/social_press_clean

Cleaning steps for the social pressure project

Primary LanguageJupyter Notebook

Data merging and cleaning for the social pressure project

Files modifying the database

  1. C_01_merge_sources.ipynb : merges the 3 scraping rounds.

  2. C_02_remove_scraped_strings_errors.ipynb : removes events scraped by error.

  3. C_03_create_search_str_dates.ipynb : Creates a string __date variable identifying the database events.

  4. C_04_clean_text.ipynb : Creates a variable text_clean with the cleaned versions of the tweet texts.

  5. C_05_tag_dup100.ipynb : Creates a variable dup_100 with tweets repeated 100 and more times (using the cleaned version of the tweets texts)
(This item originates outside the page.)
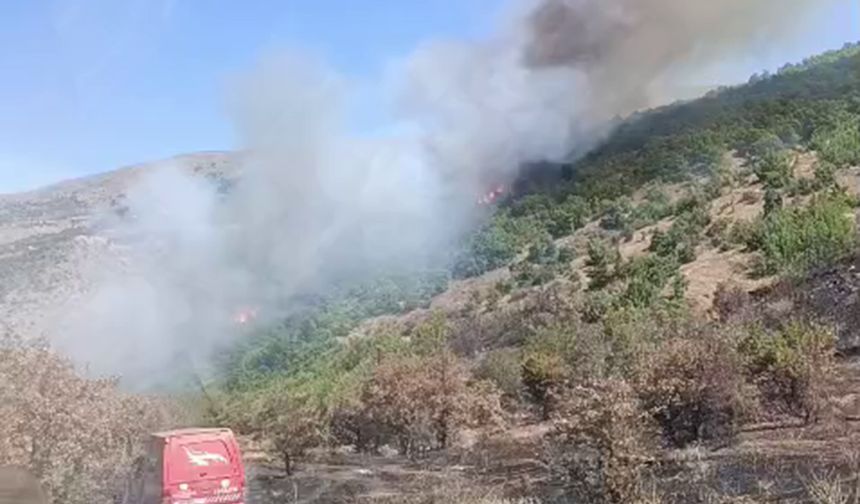 Malatya'daki orman yangını söndürüldü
  6. C_06_clean_users_names_and_empty_tweets.ipynb : Cleans users names and empty tweets

  7. C_07_search_strings_not_in_tweets.ipynb : Creates 3 variables to check if the search string appears in the texts (str_in_text) of the tweets, in the usernames (str_in_user) or in the related conversations (str_in_conv)

  8. C_08_merge_with_events_ids.ipynb : Merges the tweets database with the related events ids / calculates the number of tweets by event

Files to explore the database

  1. E_01_explore_by_events.ipynb : Explore data by events.

  2. E_02_explore_busers.ipynb : Explore data by users.

  3. E_02_explore_busers.ipynb : Explore no matches (tweets with no search strings in the text, user name or coversation).